The Importance of DR Testing

Edit: Taking a backup without actually testing you can recover is really just as good as making a wish. Link no longer works.

Originally posted April 3, 2012 on AIXchange

Recently my customer wanted to see if its old, unsupported application could be recovered in an emergency. They were running AIX 5.2, and I was cloning that to another piece of older hardware for a disaster/recovery test. While the customer had been taking mksysb and application backups for some time, this was the first actual attempt to recover the system.

After restoring the mksysb to the target machine, we went to run the vendor’s built-in scripts to recover the database. It turns out that all of the data and binaries we needed to run the recovery operation was on datavg instead of rootvg.

It also turned out there was no datavg backup, only the database backups. This became the first item to address, ensuring we had a savevg of datavg. In this case the customer had 135 logical volumes that had to be recreated, some jfs2 and some raw.

The customer really wanted this cloned machine to be identical to the source machine, down to the PP size, but no way was I going to recreate 135 logical volumes manually. So I went ahead and did a savevg from the source machine. Had this been an actual DR situation, we would have already been in trouble had the LV information not been stored somewhere. (Hint: Besides backups, it may be handy to have output from important files like /etc/filesystems available to you in case of an emergency.)

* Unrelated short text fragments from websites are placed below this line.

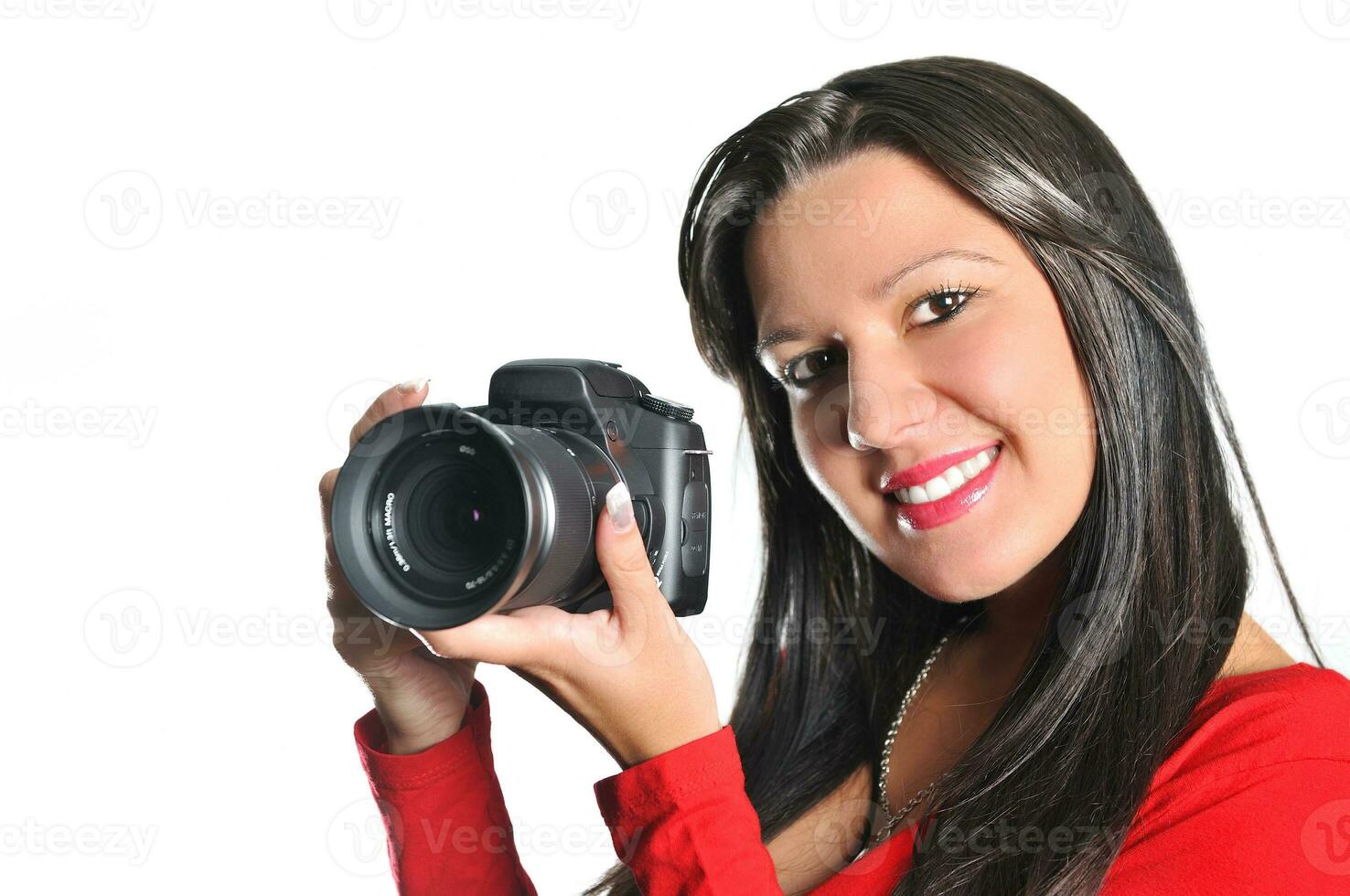 Young woman holding camera in hand taking picture isolated photo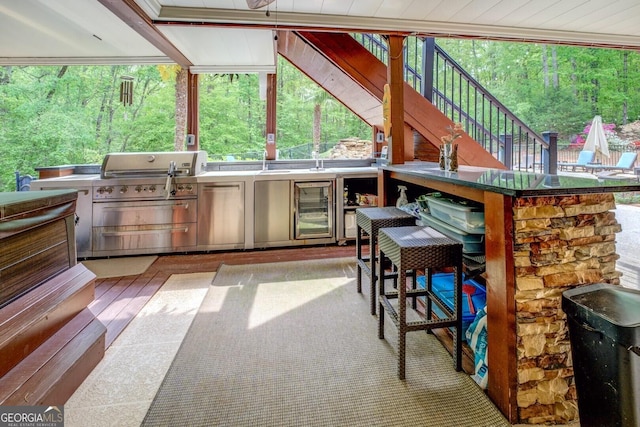 view of patio / terrace featuring outdoor wet bar, exterior kitchen, beverage cooler, area for grilling, and stairway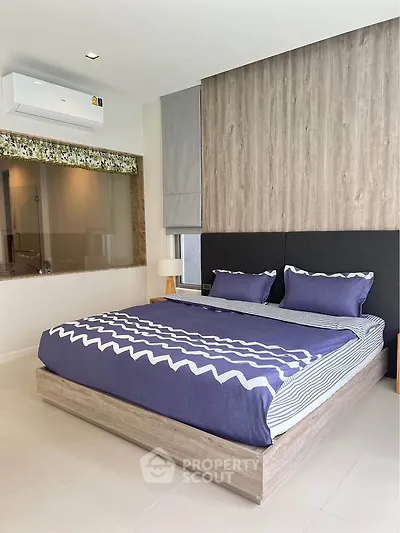 Modern bedroom with stylish decor and air conditioning in a contemporary apartment.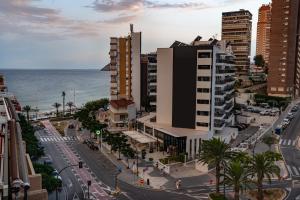 a city street with buildings and the ocean at Hotel Golden in Benidorm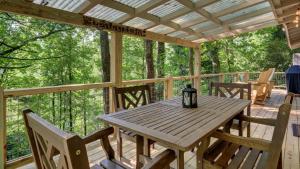 a wooden table and chairs on a deck with trees at Mountain Laurel Tree House in Highlands +8 photos
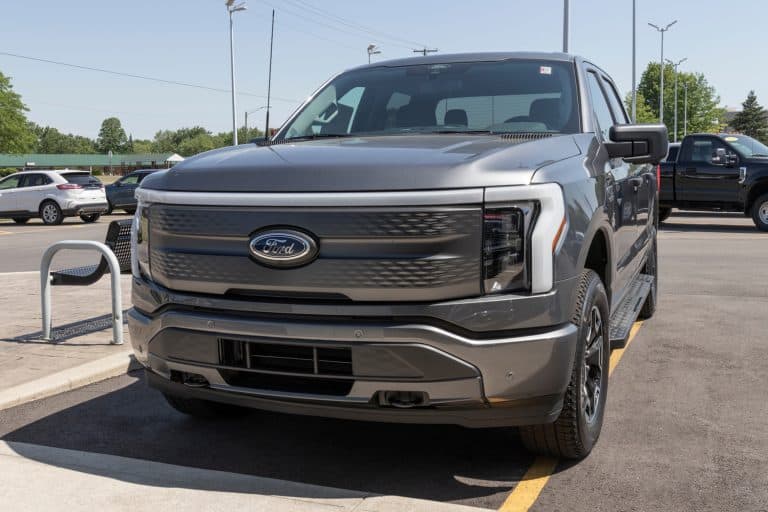 Ford F-150 Lightning display. Ford offers the F150 Lightning all-electric truck in Pro, XLT, Lariat, and Platinum models - What Does Trans Fault Mean On A Ford F-150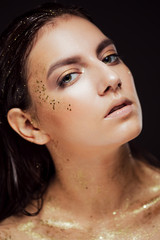 Close up portrait of beautiful woman with creative gold make up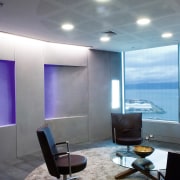 A view of soft ambient lighting supplied by architecture, ceiling, daylighting, floor, furniture, interior design, office, table, wall, gray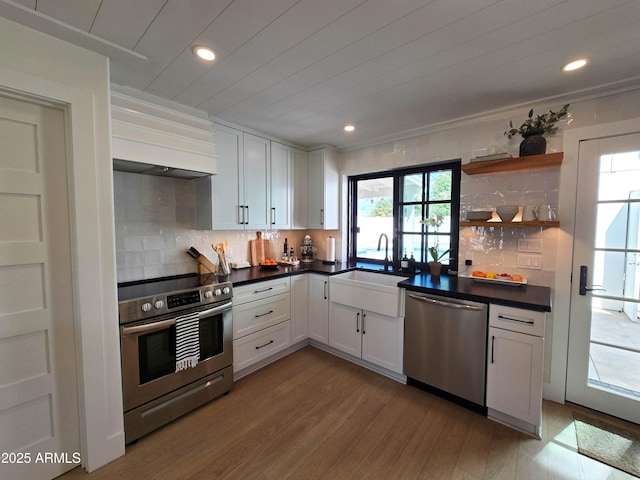 kitchen featuring dark countertops, custom range hood, stainless steel appliances, white cabinetry, and open shelves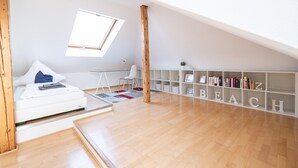 Un dormitorio estilo loft moderno con techo inclinado, tragaluces, cama blanca, estantería de madera y alfombra roja.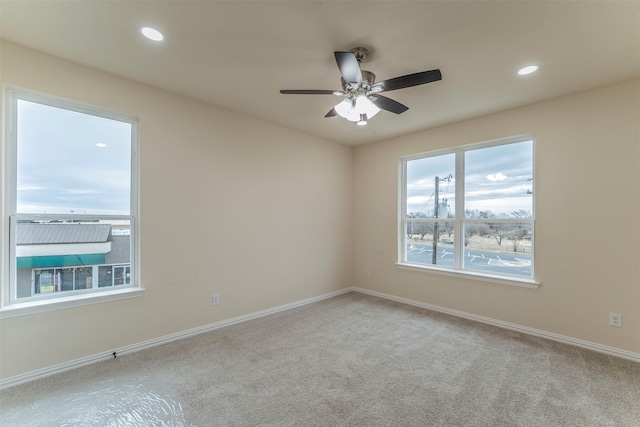 unfurnished room featuring ceiling fan and light carpet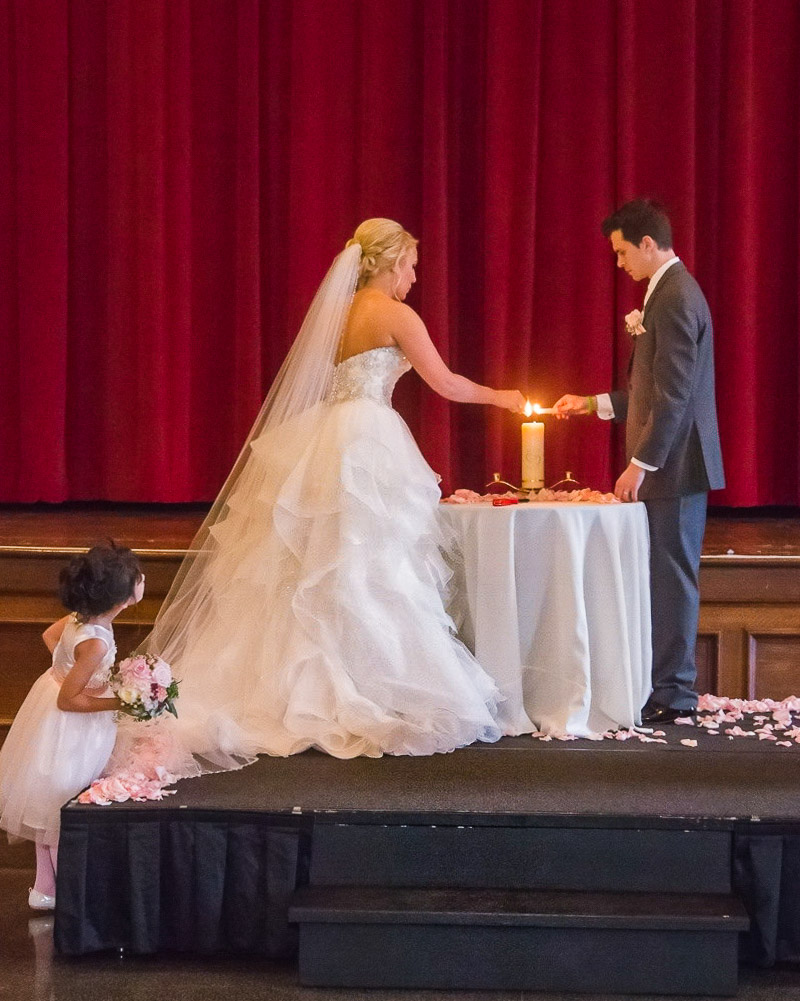 Danica and Kristoff lighting a candle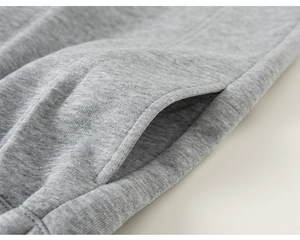 Détail des coutures de la poche latérale et de la maille gris chiné du sweat pour garçon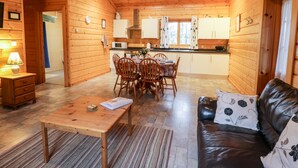 A cozy cabin interior with a dining area, a leather sofa, and a kitchen. - Chloe's Lodge (Pickering)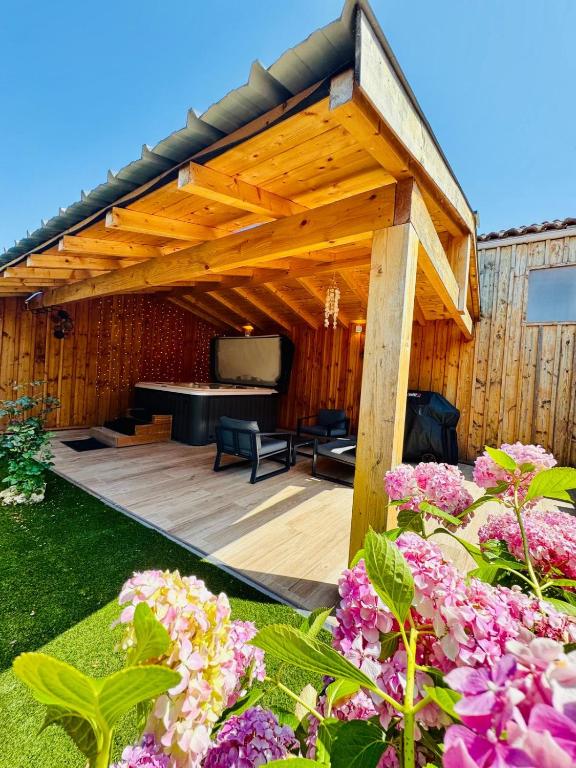 une pergola en bois avec une télévision dans un jardin dans l'établissement La Bulle Médocaine - JACUZZI- Tout confort, à Macau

When I tried to restore the information from the savevg and remake the volume group

(smitty/system storage management/logical volume manager/volume groups/remake a volume group),

it kept coming up with a 512MB PP size instead of the 64MB PP size I was inputting. Even when I tried it from the command line (restvg –f /dev/rmt0 –r –n –P 64 hdisk4), it’d still create the 512MB PP size.

However, since I still had the source system, it was a simple matter of taking the logical volume information from the source volume group and copying it to /tmp:

lsvg –l datavg > /tmp/datavgout.file

Because I only cared about the first and third columns of the lsvg output, I ran this command to obtain the LV name and LV type:

cat /tmp/datavgout.file | awk ‘{print $1, $3}’ > /tmp/datavgout2.file

I created the datavg on the target system manually with the 64 MB PP size. Then I edited the datavgout2.file and made sure it had the correct LV name, LV type and the number of PPs that I wanted on the target machine. To read the file and create the LVs, I ran this simple loop:

cat ‘/tmp/datavgout2.file’ | while read $i $j $k
do
mklv –t $j –y $i datavg1 $k
done

($i is the name, $j is the type and $k is the number of PPs.)

I did end up using smitty (smitty/system storage management/logical volume manager/volume groups/restore) to restore the files in the jfs2 filesystems.

Once the volume group had been recreated and the necessary files were restored, I could use the database backup tape to restore the database.

The customer now takes a daily savevg of datavg, and all of the necessary LV information from the entire system is saved as part of the rootvg backup. In the end we were able to get a running system. Even more important, we learned something. Without going through this exercise, my customer may have been missing key information and data it needed to restore the system in an actual disaster.

This is why simply having a DR plan isn’t enough. Your plan must be tested. Even if you think you have good backups, it might not be the case.

Incidentally, Anthony English recently wrote about recovering datavg filesystems as well. He discusses using the mkvgdata (to capture the volume group structure) and restvg commands. His information is worth considering if you find yourself recreating a volume group. It’s certainly simpler than going through the gyrations that I went through, though I’ll still need to test it to see if Anthony’s approach will eliminate my customer’s PP issue.